-add-exception-handling

Adds exception handling for async qnodes.

This pass will set async tokens and async values to be an error when qnodes raise an exception.

Besides that, it will change the logic generated by the async dialect that aborts the execution and instead will call a function in the runtime that will generate an error.

Options

-stop-after-step : Useful for tests. This will stop the execution of the transformation after a N step has been executed. Defaults to 0 which is equivalent to running all steps to completion.

-apply-transform-sequence

Apply the passes scheduled with the transform dialect.

-buffer-deallocation

Adds all required dealloc operations for all allocations in the input program

This pass implements an algorithm to automatically introduce all required deallocation operations for all buffers in the input program. This ensures that the resulting program does not have any memory leaks.

Input

#map0 = affine_map<(d0) -> (d0)>
module {
  func.func @condBranch(%arg0: i1, %arg1: memref<2xf32>, %arg2: memref<2xf32>) {
    cf.cond_br %arg0, ^bb1, ^bb2
  ^bb1:
    cf.br ^bb3(%arg1 : memref<2xf32>)
  ^bb2:
    %0 = memref.alloc() : memref<2xf32>
    linalg.generic {
      indexing_maps = [#map0, #map0],
      iterator_types = ["parallel"]} %arg1, %0 {
    ^bb0(%gen1_arg0: f32, %gen1_arg1: f32):
      %tmp1 = exp %gen1_arg0 : f32
      linalg.yield %tmp1 : f32
    }: memref<2xf32>, memref<2xf32>
    cf.br ^bb3(%0 : memref<2xf32>)
  ^bb3(%1: memref<2xf32>):
    "memref.copy"(%1, %arg2) : (memref<2xf32>, memref<2xf32>) -> ()
    return
  }
}

Output

#map0 = affine_map<(d0) -> (d0)>
module {
  func.func @condBranch(%arg0: i1, %arg1: memref<2xf32>, %arg2: memref<2xf32>) {
    cf.cond_br %arg0, ^bb1, ^bb2
  ^bb1:  // pred: ^bb0
    %0 = memref.alloc() : memref<2xf32>
    memref.copy(%arg1, %0) : memref<2xf32>, memref<2xf32>
    cf.br ^bb3(%0 : memref<2xf32>)
  ^bb2:  // pred: ^bb0
    %1 = memref.alloc() : memref<2xf32>
    linalg.generic {
      indexing_maps = [#map0, #map0],
      iterator_types = ["parallel"]} %arg1, %1 {
    ^bb0(%arg3: f32, %arg4: f32):
      %4 = exp %arg3 : f32
      linalg.yield %4 : f32
    }: memref<2xf32>, memref<2xf32>
    %2 = memref.alloc() : memref<2xf32>
    memref.copy(%1, %2) : memref<2xf32>, memref<2xf32>
    dealloc %1 : memref<2xf32>
    cf.br ^bb3(%2 : memref<2xf32>)
  ^bb3(%3: memref<2xf32>):  // 2 preds: ^bb1, ^bb2
    memref.copy(%3, %arg2) : memref<2xf32>, memref<2xf32>
    dealloc %3 : memref<2xf32>
    return
  }

}

-convert-arraylist-to-memref

Lower array list operations to memref operations.

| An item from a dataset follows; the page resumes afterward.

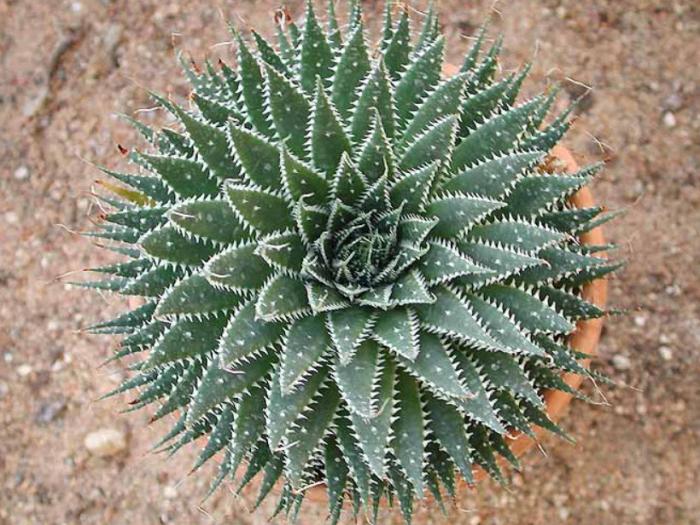 Plant photo of: Aloe aristata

This pass implements dynamically resizable array lists via lowering them to mutable memrefs.

-convert-catalyst-to-llvm

Lower catalyst utility operations to the LLVM dialect.

-detensorize-scf

Detensorize for, if, while operations from the SCF dialect.

-disable-assertion

_Disable all catalystassertions.

-gep-inbounds

Mark GEPOp inbounds.

-hlo-custom-call-lowering

Lower custom calls op from Stable HLO to CallOp.

-inline-nested-module

Inline nested modules with qnode attribute.

Options

-stop-after-step : Useful for tests. This will stop the pass after the given step has been executed (steps run from 1 to 5). Defaults to 0 which is equivalent to running all steps to completion.

-memref-to-llvm-tbaa

Lower the memref load and store operation to LLVM and add the TBAA tags.

-memrefcpy-to-linalgcpy

Switch memref.copy to linalg.copy when the layout is not the identity.

-qnode-to-async-lowering

Lower Qnode func and call operations to async func and call operations.

-register-inactive-callback

_Register __catalyst_inactive_callback as inactive with Enzyme_

-scatter-lowering

Lower scatter op from Stable HLO to loops.